Pero el dolor no habita sólo en el corazón maltratado del torero sino también en la sorpresa brava de los toros, que miraron aquella sombra enlutada con doblez de miedo, dudando si un torero vestido de muerte es tan vulnerable como los demás y se le debe empitonar con pitones perdidos en la plaza asombrada y con aladares de cementerio. Ortega Cano siempre nos pareció el hombre más adecuado para habitar el costado valiente de la artista. Ortega Cano no puebla su persona con el matonismo macho de otros ases, casi todos, teniendo en cuenta el esguince violento de la fiesta, que es lo que se paga en el callejón, y se paga a veces con la sangre gratuita de un toro bravito y malo.
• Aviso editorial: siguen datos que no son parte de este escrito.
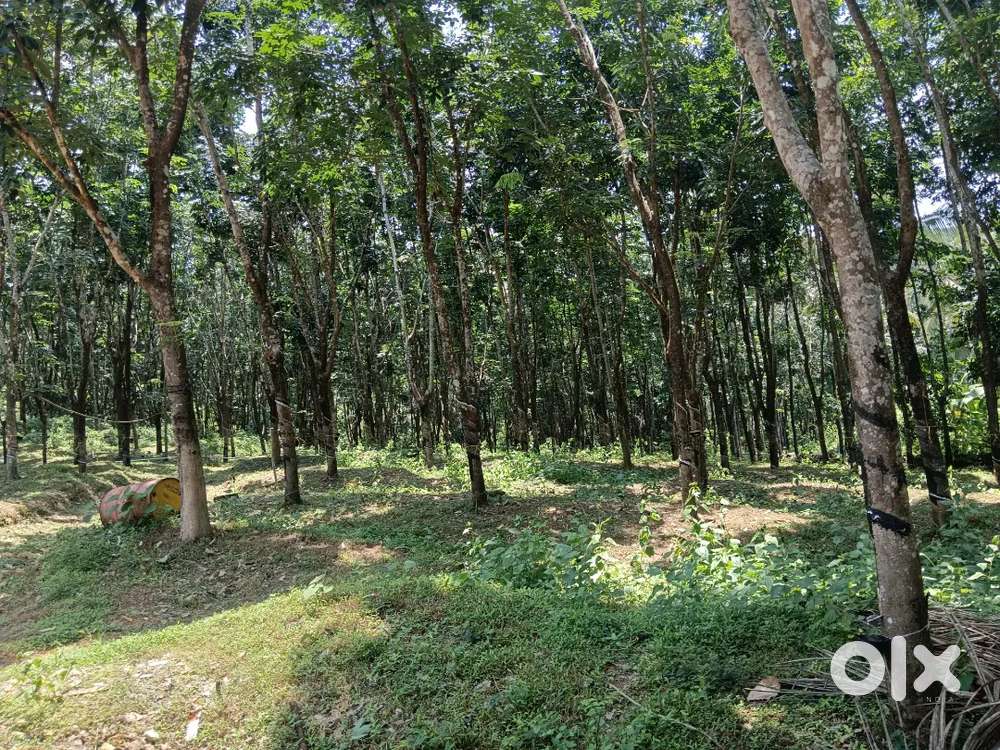 7 acre rubber plant land with 3 bhk house in beltangadi Karnataka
En la historia de los toros que hizo José María de Cossío me parece que no hay ningún torero de luto, o en todo caso sí encontraremos un luto mínimo y discreto entre las flores furiosas del traje de luces. O bien el azabache urgente cosido a más negror por la inesperada costurera que viste a los toreros para el inesperado homenaje a una novia ausente que detendrá al público levantisco cuando quiera pedir al viudo más decisión, más sangre y más valor.
En cualquier caso, Ortega Cano ha vuelto a acertar de luces como de paisano. Siempre le vimos, al lado de la mujer inaudita, comedido y sensible, lejos de los alardes masculinos de otros campeones, como ya hemos escrito más arriba. Ella no era una artista de rompe y rasga sino una mujer sensible y muy artista. He ahí una pareja moderada que debieran entronizar los cronistas de la vida taurina. Ortega Cano, en esa tarde nerviosa de los toros, ha vuelto a acertar con su traje de luto recamado y su recuerdo parado de la muerta mientras el toro pasa, pasa y otra vez pasa sin llegar nunca al cuerpo dominado del maestro, y sólo una sombra taurina y misteriosa transcurre por la sangre de la herida. Este hombre ya sólo puede encontrarse con ella en la plaza desierta y daliniana donde expiran los toros de la fiesta. Ortega Cano nos ha enseñado a llevar luto por nadie porque nadie se merece un luto en tarde de toros. Sólo esta forma de fidelidad que aúna luces y sombras de la fiesta en el cuerpo valiente de un artista demasiado artista para ser cruel.
Ahora que los toros están en abierta decadencia, y sólo viven del fragor de las banderas nacionales, es el momento de aclararse entre la mujer, el torero y el toro, como hiciera Ramón. Hemos visto así una jornada taurina equivocada, donde es ella la que rompe el trío yéndose más allá, mientras el torero goyesco y muy redondeado espera su jornal de millones y el toro de la sombra acuchilla con sus cuernos al sol caído en la arena pálida de una noche de sol. Luto, mucho luto ha metido Ortega Cano en su corazón enviudado porque lo suyo no es sólo el luto por ella sino por un espectáculo que se nos va tras haber sido devorado por sus poetas y sus bellas. En España, la de las banderas, ya sólo se puede torear de luto por alguien o por algo.